A Japanese civil servant recently got in trouble for smoking on the job more than 4,500 times in 14 years. He was hit with a fine worth around $11,000 for lighting cigarettes during work hours.
According to a report by The Straits Times, the authorities in Osaka laid down the law on the 61-year-old employee, along with two colleagues in the prefecture’s finance department, by enforcing a 10 per cent pay cut for six months for repeatedly smoking during work hours despite multiple warnings.
In September 2022, the human resource office received an anonymous tip that the trio were secretly stashing tobacco. The trio were summoned by their supervisor and warned that they may face consequences if they are caught smoking again. However, the three continued smoking and lied about it when interviewed in December 2022.
Osaka has some of the strictest smoking laws in the world. It introduced a total ban on smoking cigarettes in government premises including office and public spaces in 2008. Government employees were banned from smoking during work hours in 2019.
The Straits Times report said that of the three, the 61-year-old director-level employee was deemed to have violated the “duty of devotion” under the Local Public Service Act. The man was asked to return 1.44 million yen of his salary, in addition to his disciplinary wage reduction.
The prefectural government revealed that the man clocked up 355 hours and 19 minutes of smoking on duty.

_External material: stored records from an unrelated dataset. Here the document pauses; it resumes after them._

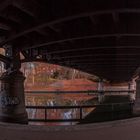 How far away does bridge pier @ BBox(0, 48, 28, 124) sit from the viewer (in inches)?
742

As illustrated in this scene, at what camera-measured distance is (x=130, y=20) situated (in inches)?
582

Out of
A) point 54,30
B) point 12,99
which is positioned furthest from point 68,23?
point 12,99

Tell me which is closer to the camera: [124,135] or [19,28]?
[124,135]

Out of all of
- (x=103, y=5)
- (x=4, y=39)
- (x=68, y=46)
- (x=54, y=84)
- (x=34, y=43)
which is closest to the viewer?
(x=103, y=5)

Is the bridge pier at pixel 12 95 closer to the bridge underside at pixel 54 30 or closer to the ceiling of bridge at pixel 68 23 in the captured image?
the bridge underside at pixel 54 30

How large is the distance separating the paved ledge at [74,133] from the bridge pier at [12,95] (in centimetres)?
767

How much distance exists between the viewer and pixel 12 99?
63.8ft

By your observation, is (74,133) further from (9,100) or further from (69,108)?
(9,100)

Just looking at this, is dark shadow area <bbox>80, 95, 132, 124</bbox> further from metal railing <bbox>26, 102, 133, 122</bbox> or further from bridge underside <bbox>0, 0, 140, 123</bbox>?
bridge underside <bbox>0, 0, 140, 123</bbox>

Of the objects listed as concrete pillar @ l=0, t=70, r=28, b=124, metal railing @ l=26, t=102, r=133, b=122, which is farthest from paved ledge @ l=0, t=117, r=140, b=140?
metal railing @ l=26, t=102, r=133, b=122

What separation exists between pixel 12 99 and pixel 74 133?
9959 mm

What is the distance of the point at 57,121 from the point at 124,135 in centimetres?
977

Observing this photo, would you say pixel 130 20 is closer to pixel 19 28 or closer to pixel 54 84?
pixel 19 28

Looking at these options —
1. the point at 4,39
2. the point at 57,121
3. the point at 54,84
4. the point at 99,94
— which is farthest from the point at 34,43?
the point at 54,84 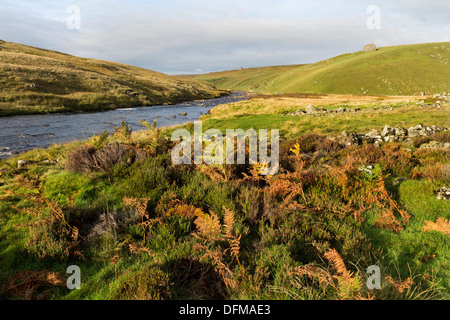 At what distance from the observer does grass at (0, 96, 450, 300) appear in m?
2.88

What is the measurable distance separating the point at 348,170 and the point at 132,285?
533 centimetres

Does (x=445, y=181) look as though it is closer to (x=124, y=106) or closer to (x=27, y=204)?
(x=27, y=204)

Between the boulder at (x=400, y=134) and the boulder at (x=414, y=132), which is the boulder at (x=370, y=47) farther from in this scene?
the boulder at (x=400, y=134)

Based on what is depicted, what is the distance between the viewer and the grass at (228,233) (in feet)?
9.46

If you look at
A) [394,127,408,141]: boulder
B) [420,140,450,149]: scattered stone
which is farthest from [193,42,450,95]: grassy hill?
[420,140,450,149]: scattered stone

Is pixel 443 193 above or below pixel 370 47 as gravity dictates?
below

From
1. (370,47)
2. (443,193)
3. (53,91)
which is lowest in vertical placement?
(443,193)

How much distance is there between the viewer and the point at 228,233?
322cm

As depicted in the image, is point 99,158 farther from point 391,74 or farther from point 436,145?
point 391,74

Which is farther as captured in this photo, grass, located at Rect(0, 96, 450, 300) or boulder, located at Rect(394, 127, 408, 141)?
boulder, located at Rect(394, 127, 408, 141)

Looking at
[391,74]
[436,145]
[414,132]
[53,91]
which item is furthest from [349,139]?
[391,74]

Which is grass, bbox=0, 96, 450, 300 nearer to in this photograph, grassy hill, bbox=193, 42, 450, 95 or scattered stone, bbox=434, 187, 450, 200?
scattered stone, bbox=434, 187, 450, 200

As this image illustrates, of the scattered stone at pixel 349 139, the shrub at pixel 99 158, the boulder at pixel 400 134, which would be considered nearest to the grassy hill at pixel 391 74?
the boulder at pixel 400 134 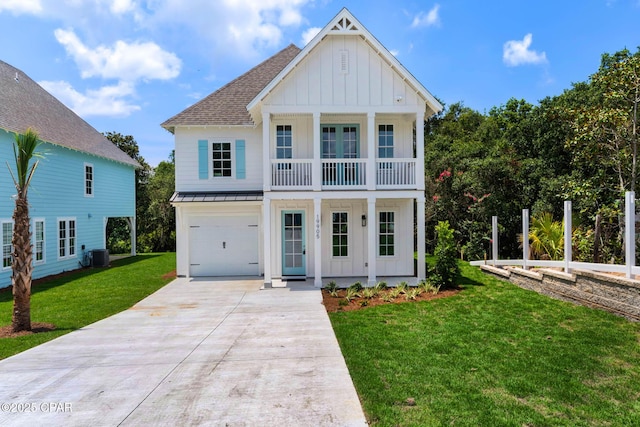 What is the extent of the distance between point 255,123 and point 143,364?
32.5 feet

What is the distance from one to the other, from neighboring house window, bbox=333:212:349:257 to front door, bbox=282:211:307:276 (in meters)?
1.15

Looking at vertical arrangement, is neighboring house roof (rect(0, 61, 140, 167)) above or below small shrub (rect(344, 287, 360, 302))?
above

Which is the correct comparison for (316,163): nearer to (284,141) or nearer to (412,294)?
(284,141)

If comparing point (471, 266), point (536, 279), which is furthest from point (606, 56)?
point (536, 279)

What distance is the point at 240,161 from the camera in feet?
47.3

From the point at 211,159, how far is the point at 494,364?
11900mm

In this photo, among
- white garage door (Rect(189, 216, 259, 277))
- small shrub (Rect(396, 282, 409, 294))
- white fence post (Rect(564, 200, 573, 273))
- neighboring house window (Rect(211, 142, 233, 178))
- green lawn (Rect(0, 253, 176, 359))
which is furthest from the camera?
white garage door (Rect(189, 216, 259, 277))

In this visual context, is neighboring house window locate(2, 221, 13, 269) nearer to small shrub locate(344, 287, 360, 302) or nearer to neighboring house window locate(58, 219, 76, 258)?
neighboring house window locate(58, 219, 76, 258)

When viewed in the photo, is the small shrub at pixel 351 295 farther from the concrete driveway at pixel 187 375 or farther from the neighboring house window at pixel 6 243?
the neighboring house window at pixel 6 243

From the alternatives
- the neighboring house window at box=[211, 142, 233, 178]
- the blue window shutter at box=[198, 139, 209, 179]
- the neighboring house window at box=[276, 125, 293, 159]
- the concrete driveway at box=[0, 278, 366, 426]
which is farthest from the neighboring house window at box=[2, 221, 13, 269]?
the neighboring house window at box=[276, 125, 293, 159]

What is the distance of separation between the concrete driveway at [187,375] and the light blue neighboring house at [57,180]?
8964 millimetres

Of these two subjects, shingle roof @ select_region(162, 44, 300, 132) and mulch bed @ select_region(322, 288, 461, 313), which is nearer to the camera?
mulch bed @ select_region(322, 288, 461, 313)

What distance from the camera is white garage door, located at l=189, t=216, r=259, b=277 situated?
14.6 metres

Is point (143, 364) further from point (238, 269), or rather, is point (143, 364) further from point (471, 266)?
point (471, 266) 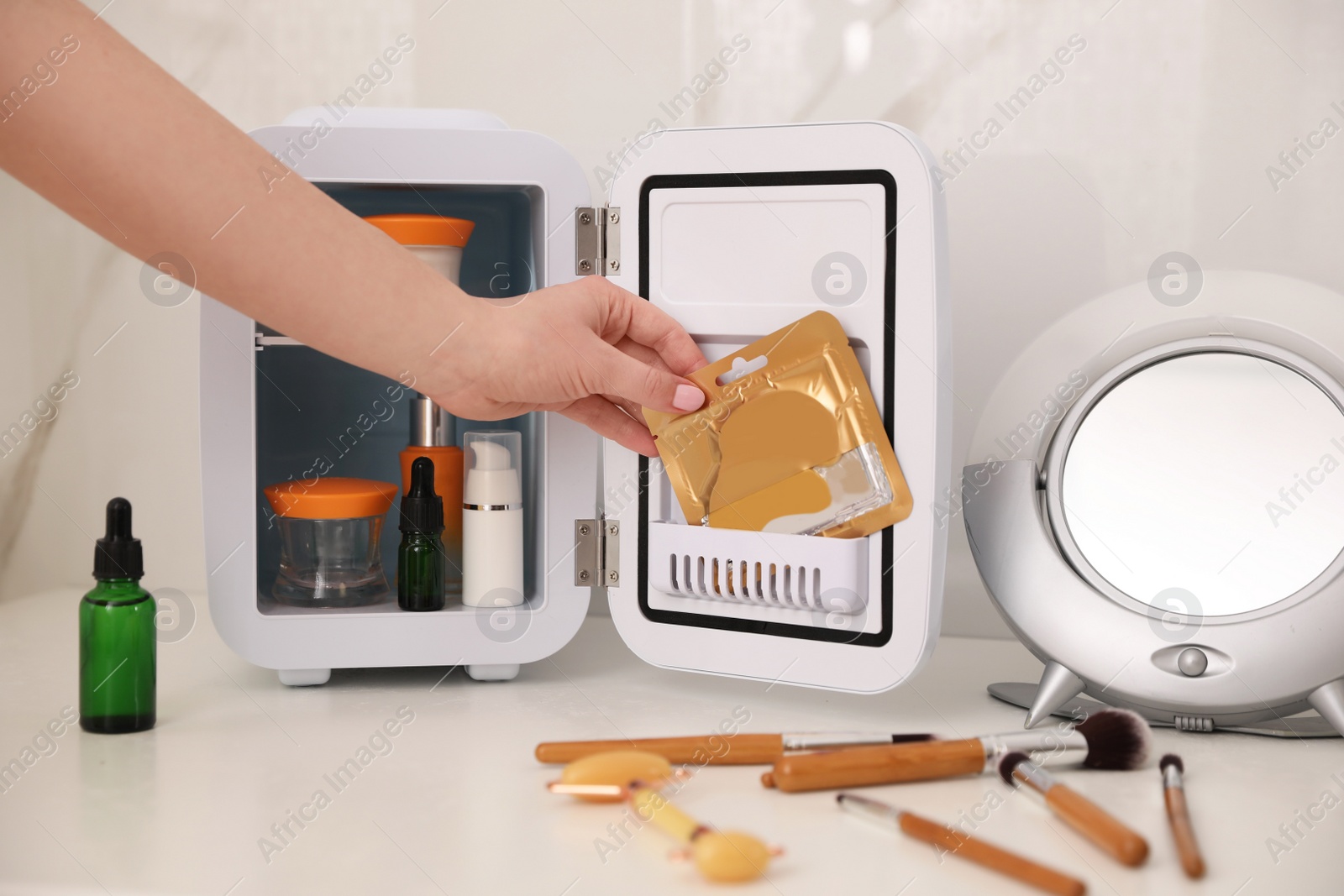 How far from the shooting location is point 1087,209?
0.94 meters

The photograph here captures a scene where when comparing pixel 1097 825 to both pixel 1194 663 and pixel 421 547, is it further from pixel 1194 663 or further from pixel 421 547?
pixel 421 547

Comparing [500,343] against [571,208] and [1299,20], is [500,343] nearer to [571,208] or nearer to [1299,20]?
[571,208]

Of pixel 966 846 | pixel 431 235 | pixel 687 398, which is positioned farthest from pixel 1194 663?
pixel 431 235

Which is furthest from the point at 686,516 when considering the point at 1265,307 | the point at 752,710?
the point at 1265,307

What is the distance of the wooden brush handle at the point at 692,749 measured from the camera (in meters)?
0.61

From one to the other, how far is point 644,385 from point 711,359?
60mm

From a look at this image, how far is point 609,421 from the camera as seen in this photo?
773 millimetres

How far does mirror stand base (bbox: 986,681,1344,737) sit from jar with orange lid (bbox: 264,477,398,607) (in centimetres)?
49

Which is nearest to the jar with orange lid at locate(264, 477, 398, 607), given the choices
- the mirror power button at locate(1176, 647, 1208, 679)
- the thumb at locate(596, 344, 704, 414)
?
the thumb at locate(596, 344, 704, 414)

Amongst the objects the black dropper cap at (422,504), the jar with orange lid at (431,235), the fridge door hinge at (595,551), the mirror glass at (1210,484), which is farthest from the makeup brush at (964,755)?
the jar with orange lid at (431,235)

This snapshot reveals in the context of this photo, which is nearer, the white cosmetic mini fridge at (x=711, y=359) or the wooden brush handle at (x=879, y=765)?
the wooden brush handle at (x=879, y=765)

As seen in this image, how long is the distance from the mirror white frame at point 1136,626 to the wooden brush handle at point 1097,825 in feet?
0.47

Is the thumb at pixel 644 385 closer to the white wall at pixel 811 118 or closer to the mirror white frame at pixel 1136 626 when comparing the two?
the mirror white frame at pixel 1136 626

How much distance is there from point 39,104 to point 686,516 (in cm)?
45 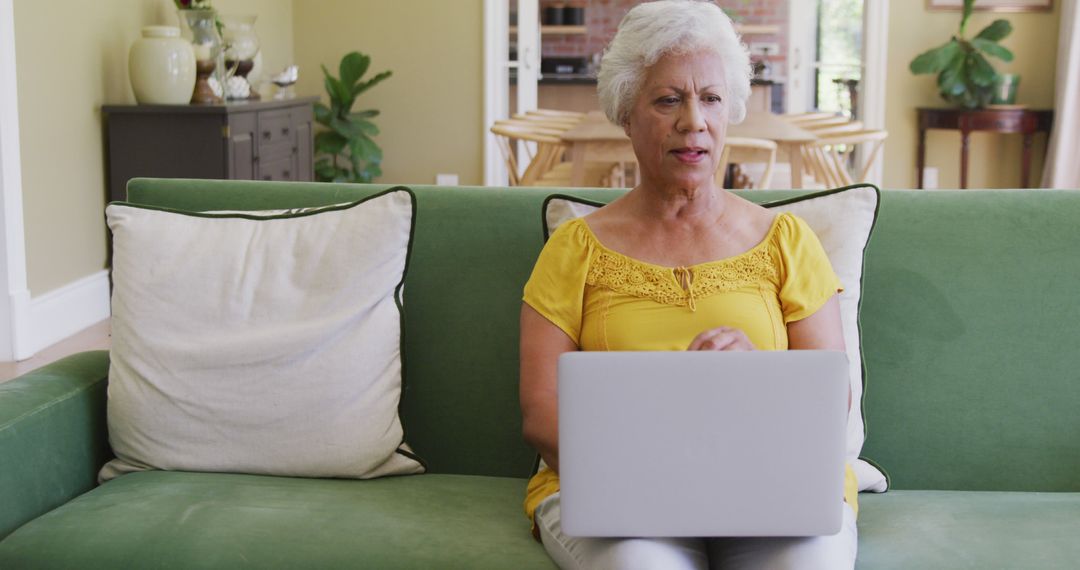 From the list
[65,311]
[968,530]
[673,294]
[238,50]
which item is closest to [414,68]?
[238,50]

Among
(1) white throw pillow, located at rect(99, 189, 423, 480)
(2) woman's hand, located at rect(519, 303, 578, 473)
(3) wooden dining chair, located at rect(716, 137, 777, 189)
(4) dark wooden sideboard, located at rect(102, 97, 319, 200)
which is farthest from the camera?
(4) dark wooden sideboard, located at rect(102, 97, 319, 200)

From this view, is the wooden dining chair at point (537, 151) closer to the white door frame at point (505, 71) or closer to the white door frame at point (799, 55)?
the white door frame at point (505, 71)

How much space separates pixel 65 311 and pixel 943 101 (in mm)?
5683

Reactions to the penalty have been sympathetic. Some argued that having to go off-site for a puff would have meant wasting more time, while others found the fine harsh, saying one can waste time by drinking tea, eating snacks or just chatting, but those are not punishable offences, so neither should be smoking tobacco.
A similar incident was reported in 2019 when a high school teacher in Osaka was asked to pay back one million yen of his salary to the education ministry. He was found guilty of taking around 3,400 illicit smoke breaks during work hours.